La fin des figures tutélaires
Dans un emploi salarié, les repères sont clairs : horaires définis, missions cadrées, validation extérieure. Même en cas de désaccord, il y a toujours une instance à laquelle se référer, un supérieur à qui transférer une part de la responsabilité. L’indépendant, lui, doit tout assumer. Il est à la fois l’auteur, le garant, le soutien de sa propre trajectoire. Cette autonomie peut révéler une maturité, mais aussi activer des zones de fragilité : peur de mal faire, d’être illégitime, de ne pas exister en dehors du regard structurant d’un tiers. Être seul face à ses décisions, c’est devoir habiter une position adulte pleine, sans recours.
Un exemple : Julien et la confrontation à soi
Julien, 35 ans, a quitté la fonction publique pour devenir consultant indépendant. Il cherchait plus de sens, plus de souplesse, plus de contrôle. Mais après quelques mois, il se sent submergé : aucun retour, aucune règle, personne pour valider ce qu’il fait. Il réalise que ce qui le tenait auparavant, ce n’était pas la passion, mais le cadre. Loin d’être libéré, il se sent exposé, parfois infantile dans ses doutes, ou dépendant du moindre signe extérieur. L’autonomie l’oblige à se constituer comme sujet entier, sans tuteur symbolique. Ce qu’il croyait être une fuite vers la liberté s’avère être une confrontation directe avec sa propre structuration psychique.
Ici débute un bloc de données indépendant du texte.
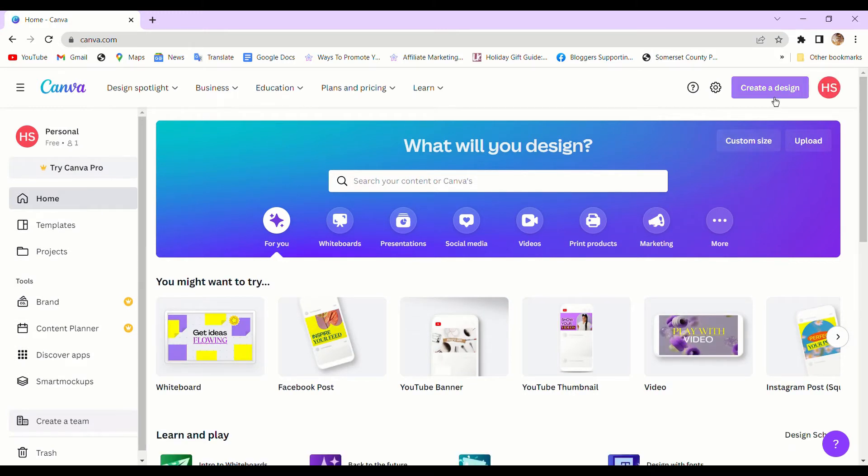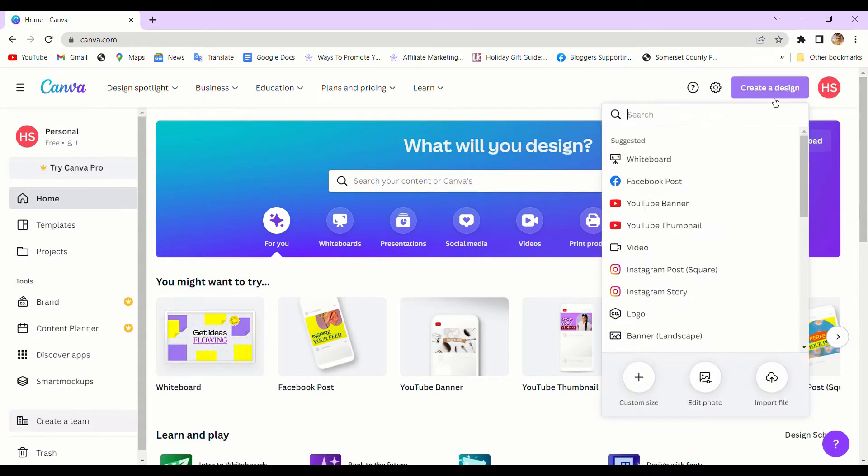For this, you need to open Canva, and on the top right, you'll see a button that says Create Design. Click on that.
L’indépendance comme épreuve narcissique
Le statut d’indépendant ne tolère pas les dépendances invisibles. Il met à nu les attentes de reconnaissance, les besoins d’autorisation, les conflits avec l’autorité intériorisée. Travailler seul, c’est devoir contenir les moments de vide, les doutes sur la valeur de ce que l’on propose, l’angoisse de ne pas être appelé. Il faut générer soi-même le mouvement, s’organiser sans cadre, se valider sans témoin. Pour certains, cette exigence réveille une régression : on cherche des figures parentales dans les partenaires, on attend des clients qu’ils reconnaissent ce que les parents n’ont jamais dit. Ce n’est pas l’indépendance qui épuise, mais la place psychique qu’elle impose.
Habiter cette place sans s’effondrer
Assumer une position d’adulte, c’est accepter de ne plus attendre que quelqu’un d’autre vienne structurer notre place. Cela ne signifie pas tout maîtriser, mais tenir, sans transfert excessif, une forme de verticalité intérieure. L’indépendance devient alors un lieu de subjectivation : non plus une fuite du cadre, mais une manière de s’en passer sans se dissoudre. Ce mouvement suppose du temps, parfois un accompagnement, et surtout une lucidité : être seul professionnellement, c’est devoir être multiple intérieurement. Ce n’est pas une preuve de toute-puissance, mais une épreuve structurante.